Esse cenário também resulta em redução de 3% na quantidade de fêmeas disponíveis para o abate em 2020, de 38% ante 41% no ano passado, um dos menores níveis da história.
De acordo com a consultoria, a mudança no ciclo pecuário, com a maior retenção de fêmeas em comparação aos anos anteriores, deve reduzir o volume de animais abatidos em pouco mais de 3 milhões de cabeças neste ano, de 39,9 milhões para 36,7 milhões.
Junto a isso, o ajuste produtivo ocasionado pela pandemia do coronavírus no primeiro semestre resultou em um dos mais baixos números de fêmeas abatidas, com 17,46 milhões entre janeiro e junho, o menor número desde 2009.
"O impacto da pandemia sobre a indústria frigorífica brasileira se concentrou principalmente no primeiro semestre. Esse fator fica particularmente visível sobre os dados de abril", diz a Agrifatto.
Além disso, há em curso uma mudança no padrão de abate dessas fêmeas, já que as vacas com mais de 24 meses devem ter a menor participação no abate total desde 2002, com uma representatividade de 27%, de acordo com monitoramento da consultoria.

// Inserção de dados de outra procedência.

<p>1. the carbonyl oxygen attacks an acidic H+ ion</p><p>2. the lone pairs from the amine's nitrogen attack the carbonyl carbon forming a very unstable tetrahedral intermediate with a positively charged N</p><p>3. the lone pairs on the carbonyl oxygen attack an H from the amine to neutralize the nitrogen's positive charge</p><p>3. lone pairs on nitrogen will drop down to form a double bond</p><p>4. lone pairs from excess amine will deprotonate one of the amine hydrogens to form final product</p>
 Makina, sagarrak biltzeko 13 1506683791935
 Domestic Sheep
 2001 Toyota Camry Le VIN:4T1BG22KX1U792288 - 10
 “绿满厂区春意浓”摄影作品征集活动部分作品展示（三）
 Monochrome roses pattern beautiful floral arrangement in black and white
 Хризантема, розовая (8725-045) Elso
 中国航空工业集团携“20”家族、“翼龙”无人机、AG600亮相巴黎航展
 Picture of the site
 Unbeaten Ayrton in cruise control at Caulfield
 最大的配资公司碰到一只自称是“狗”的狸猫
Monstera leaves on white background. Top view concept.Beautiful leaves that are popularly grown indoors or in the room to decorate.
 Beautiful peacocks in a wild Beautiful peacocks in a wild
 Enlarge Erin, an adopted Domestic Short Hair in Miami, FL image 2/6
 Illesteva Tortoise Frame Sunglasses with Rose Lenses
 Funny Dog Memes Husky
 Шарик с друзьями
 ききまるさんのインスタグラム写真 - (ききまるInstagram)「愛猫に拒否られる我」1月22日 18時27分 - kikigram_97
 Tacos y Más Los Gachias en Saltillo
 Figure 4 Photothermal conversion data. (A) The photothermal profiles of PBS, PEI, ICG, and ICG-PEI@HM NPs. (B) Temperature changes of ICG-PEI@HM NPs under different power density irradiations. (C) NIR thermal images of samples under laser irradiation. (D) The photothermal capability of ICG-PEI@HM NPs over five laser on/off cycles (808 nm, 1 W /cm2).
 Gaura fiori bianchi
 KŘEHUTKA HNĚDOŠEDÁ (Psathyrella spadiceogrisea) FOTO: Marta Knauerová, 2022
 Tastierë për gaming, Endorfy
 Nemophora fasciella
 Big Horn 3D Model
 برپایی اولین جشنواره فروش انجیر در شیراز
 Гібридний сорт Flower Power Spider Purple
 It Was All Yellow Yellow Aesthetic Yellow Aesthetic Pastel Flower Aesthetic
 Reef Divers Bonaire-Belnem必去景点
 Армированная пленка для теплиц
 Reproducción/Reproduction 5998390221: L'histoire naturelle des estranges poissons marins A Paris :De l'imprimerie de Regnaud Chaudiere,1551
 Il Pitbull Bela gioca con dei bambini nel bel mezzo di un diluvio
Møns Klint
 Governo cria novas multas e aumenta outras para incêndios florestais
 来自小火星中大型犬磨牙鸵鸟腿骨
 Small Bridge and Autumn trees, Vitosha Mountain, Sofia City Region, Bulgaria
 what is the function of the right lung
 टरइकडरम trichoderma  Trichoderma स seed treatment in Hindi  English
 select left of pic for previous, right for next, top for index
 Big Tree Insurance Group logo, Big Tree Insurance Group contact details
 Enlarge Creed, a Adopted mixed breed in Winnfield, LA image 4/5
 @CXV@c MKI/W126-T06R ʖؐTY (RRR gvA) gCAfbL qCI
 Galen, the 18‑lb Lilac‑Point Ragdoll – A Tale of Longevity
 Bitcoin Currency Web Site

Com a demanda externa crescente e a redução da oferta, os animais de reposição (bezerro e boi magro) têm sido negociados em patamares recordes reais. No entanto, os custos com a alimentação continuam elevados, segundo o Instituto de Pesquisa Econômica Aplicada (Ipea). A desvalorização do real frente ao dólar também tem encarecido insumos importantes, que são importados.
Nesse contexto, o Ipea entende que muitos pecuaristas têm diminuído o volume de novos lotes de animais a serem enviados ao confinamento, o que pode “reforçar a restrição de oferta de boi gordo para o abate no próximo trimestre”. “A valorização da arroba continuaria, portanto, atrelada basicamente ao volume exportado, tendo em vista a possibilidade de que o consumo doméstico siga retraído em função da diminuição da renda”, completa.
Segundo a institução, também se confirmaram as expectativas de que, no segundo trimestre de 2020, a junção entre finalização da safra, entressafra e manutenção da demanda internacional sustentasse os preços da arroba bovina.
“Ainda que a demanda interna estivesse arrefecida, o indicador Esalq/B3 do preço do boi gordo teve alta de 3,4% entre o primeiro e o segundo trimestre de 2020. Quando comparado em relação ao mesmo período de 2019, a alta é ainda mais expressiva, de 31,2%”, observa o Ipea.
Em termos de demanda, as compras de carne bovina brasileira em volumes expressivos por parte da China têm resultado em montantes recordes das exportações totais do produto. De acordo com a instituição econômica, nem mesmo as restrições ou casos da Covid-19 nos frigoríficos brasileiros foram suficientes para reduzir os embarques.
"O real desvalorizado frente ao dólar também favoreceu as exportações brasileiras, elevando a competitividade da carne nacional em um cenário de poucos ofertantes no mercado internacional. Soma-se a esse contexto tanto os casos de Covid-19 em alguns países, com problemas sanitários em rebanhos animais, como a Peste Suína Africana (na China), a influenza e a febre aftosa"
Análise do Ipea
Esse cenário amenizou os impactos da crise do coronavírus sobre o mercado pecuário nacional. Entretanto, existem indicações de que, em decorrência da redução do poder de compra, parte da população brasileira esteja migrando para proteínas mais baratas, como frango, suínos e ovos.